イメージ戦法はパフォーマンス向上に効果的。「坊主」が飛び交うレコーディング会場
「ねえ、わたし、坊主になれてる?」
「いや、もうちょっといける気がします!」
いつもお世話になっているレコーディングは、ときどきこんな雰囲気です。
これは、ディレクションとして他の方のレコーディングに立ち会っていた時のことです。
私は、OKテイクかどうかを判断することを含めた進行を務めていました。
声楽家にとって舞台とレコーディングは大違い
クラシックの歌い手にとってレコーディングは舞台とは違う点が多くあり、歌いにくさを感じる人が多いです。
特に、このレコーディングは合唱の参考音源として使われるものなので、その意味でも勝手が違います。

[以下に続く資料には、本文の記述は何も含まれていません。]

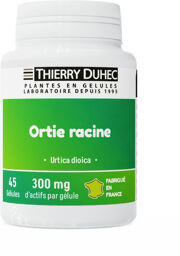 Ortie racine 300 mg : Conditionnement - 180 gélules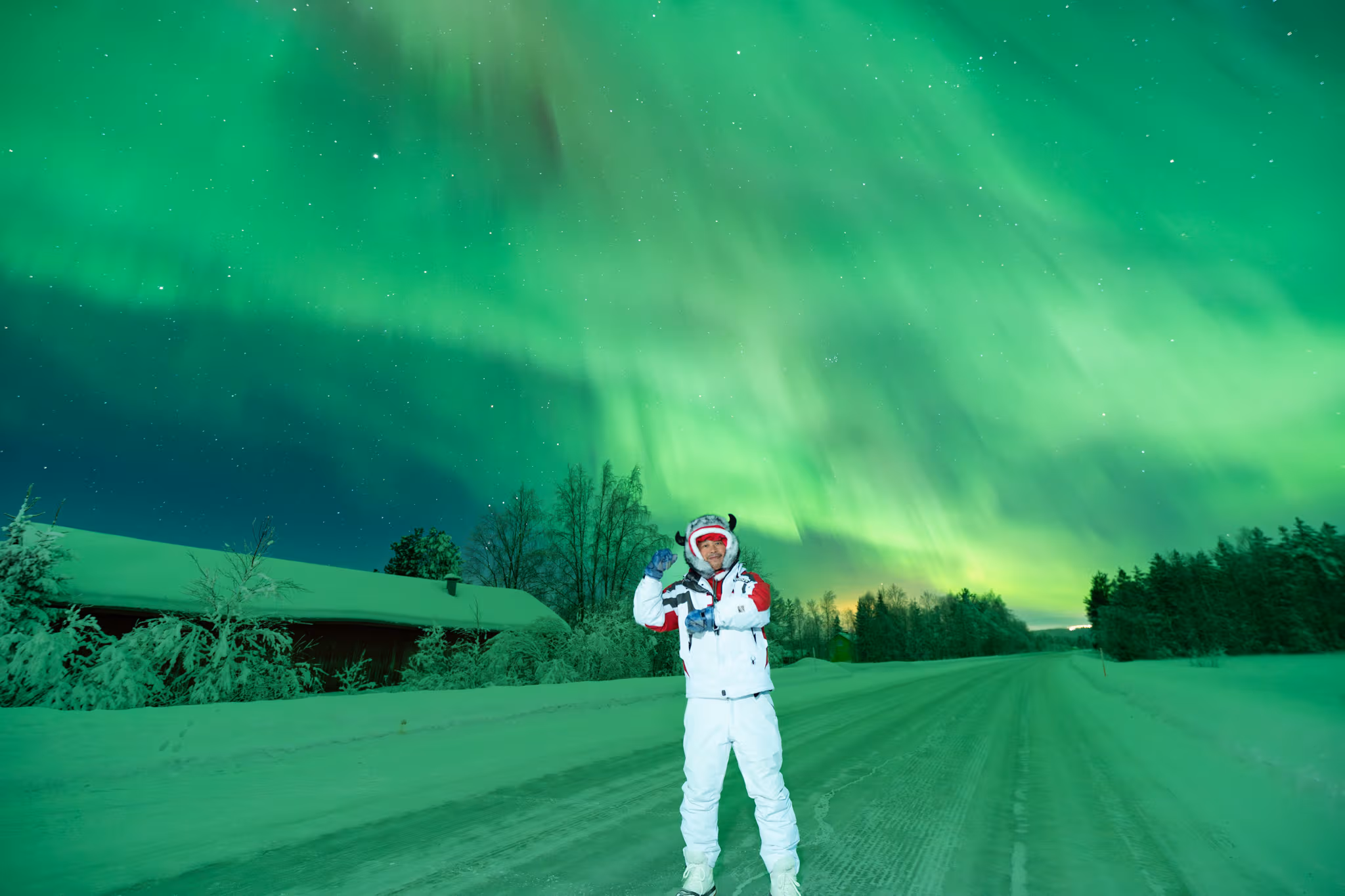Lapland Explorers 實際極光行程照片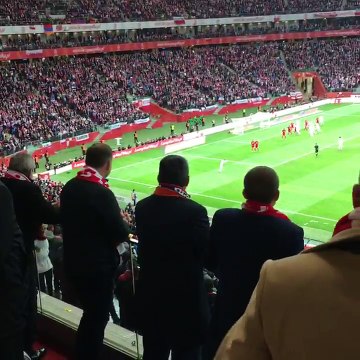 Reakcja Prezydenta Andrzeja Dudy na bramkę Roberta Lewandowskiego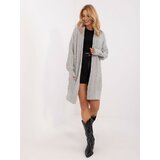 Wool Fashion Italia Cardigan-AT-SW-2366.61-gray | shoptok.hr
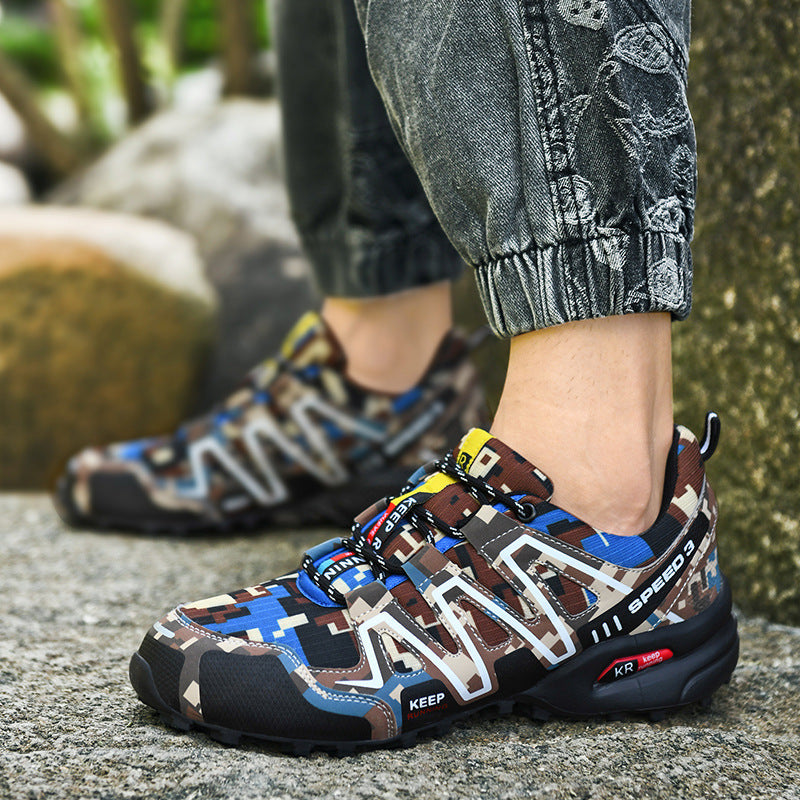 Chaussures décontractées de sport de plein air pour hommes d'automne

・マイクがあること(舞台ではマイク無しの身ひとつが多い)
・マイクが僅かな雑音も拾うこと
・ヘッドホンをつけて歌うこと
・伴奏がライブ演奏ではないこと
・正確に歌わなくてはならないこと(普段は魅力的に歌うことを求められる)
勝手が違えば、いつもより多少歌いにくくなるもの。
そしてその歌いにくさを近距離でマイクが拾い、ヘッドホンからそれが流れてくるため、歌いにくさをオンタイムで自覚しやすい環境です。
揺らさないロングトーンのコツは悟りを開くこと!?
多くの方が難しがるのが、得意でない音域でのロングトーン。
舞台では許される揺れや大きめのビブラートが、レコでは許されません。
「魅力的に歌う」ことよりも「正確に歌う」ことが求められる現場だからです。
この日も、そんなロングトーンに苦戦する場面がありました。
そして歌い手に
「ロングトーンを歌うコツってなに?」
と聞かれました。
私も、ロングトーンが苦手です。
だからいろいろな方法を試してきました。
その多くは効果がないどころか逆効果に近いものもありましたが、そのなかで生き残ったのが1つあります。
それが、無心になることです。
「私は、何も考えないようにして、ただできると信じて歌ってるよ」
そんな話をしていたら、歌い手は
「悟りを開けばいいのか! わかった! 坊主になる!」
と得心したのです。
イメージ戦法はかなり効果的
それが何であれ脳が描いたイメージはダイレクトに身体に影響を及ぼします。
再現性を持たせるためにはイメージだけでは弱いところがあるのですが、そのときのパフォーマンスを意図したところに持って行くにはイメージ戦法はとても効果的です。
脳はかなりのスーパーコンピューターで、イメージしたことを汲みとって身体の動作に反映させてくれるものなのです。
このレコーディングでもイメージ戦法は有効でした。
歌い手にとっては「坊主」がハマったようで、その後も
「ねえ、私、坊主になれてる?」
「いや、もうちょっといける気がします!」
「今、いいかんじに坊主が見えました!」
となぜか「坊主」が飛び交うレコーディング会場になったのでした。